# EXERCISE REQUIREMENTS:
What the task requires is an exact printout of the listing below, pictures excluded.

# DATA EXTRACT:
###

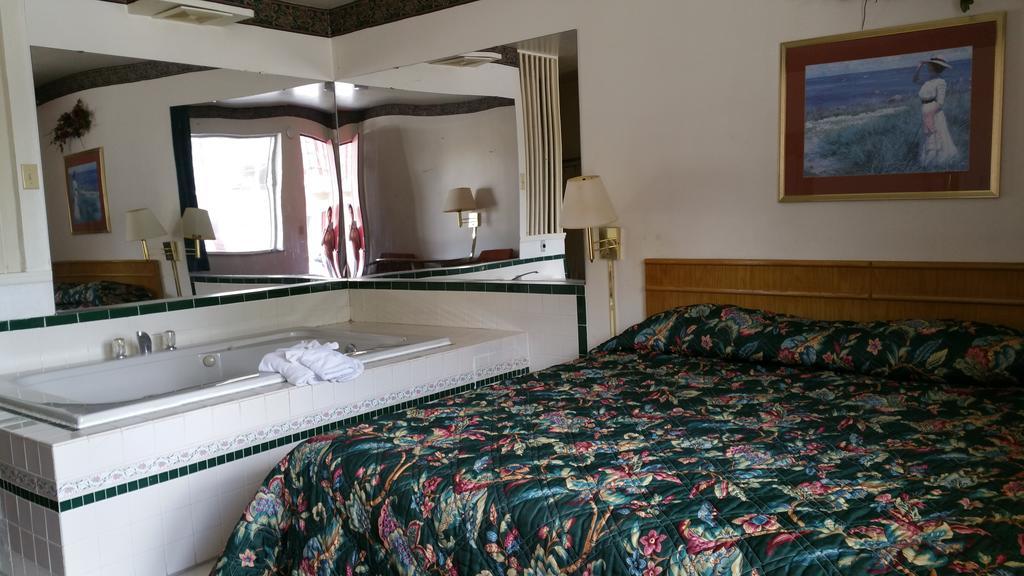 Seaway Motel Roosevelt Park Extérieur photo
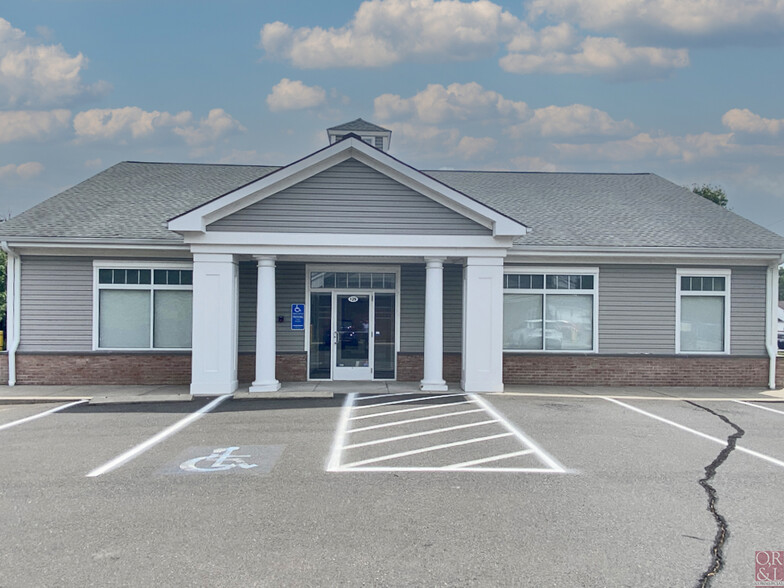 Primary Photo Of 129 New Britain Ave, Plainville Bank For Lease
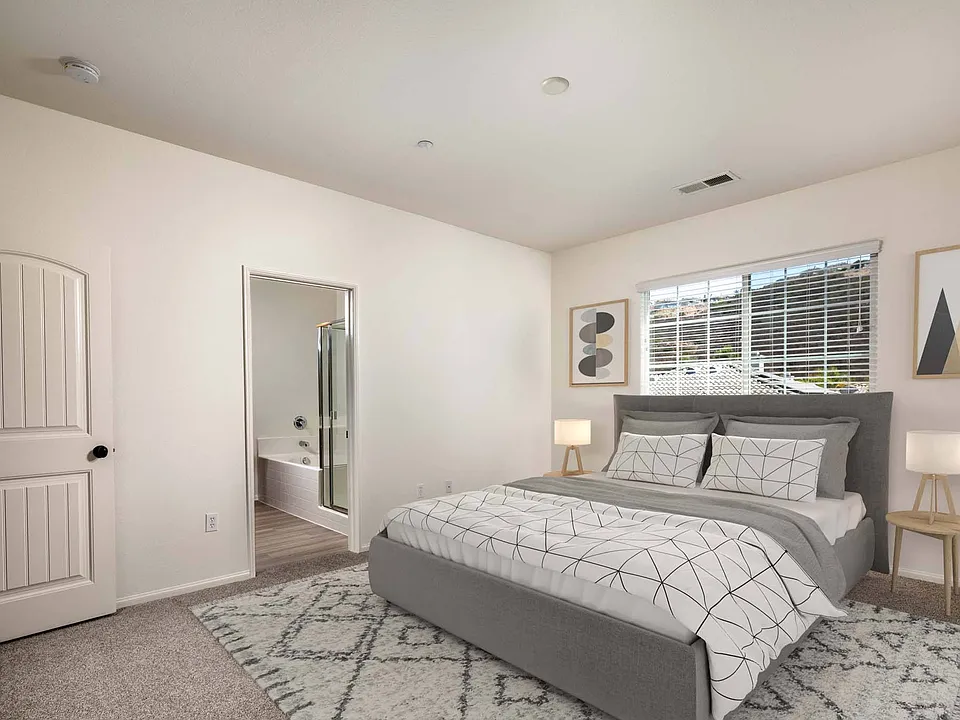 Jackson Pointe 111 Bedroom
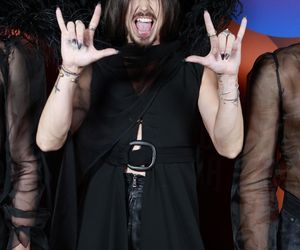 Michał Szpak tak się przejął na scenie, że zgubił mikrofon! Na szczęście nie był sam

###

# OUTPUT BELOW:
 Seaway Motel Roosevelt Park Extérieur photo
 Primary Photo Of 129 New Britain Ave, Plainville Bank For Lease
 Jackson Pointe 111 Bedroom
 Michał Szpak tak się przejął na scenie, że zgubił mikrofon! Na szczęście nie był sam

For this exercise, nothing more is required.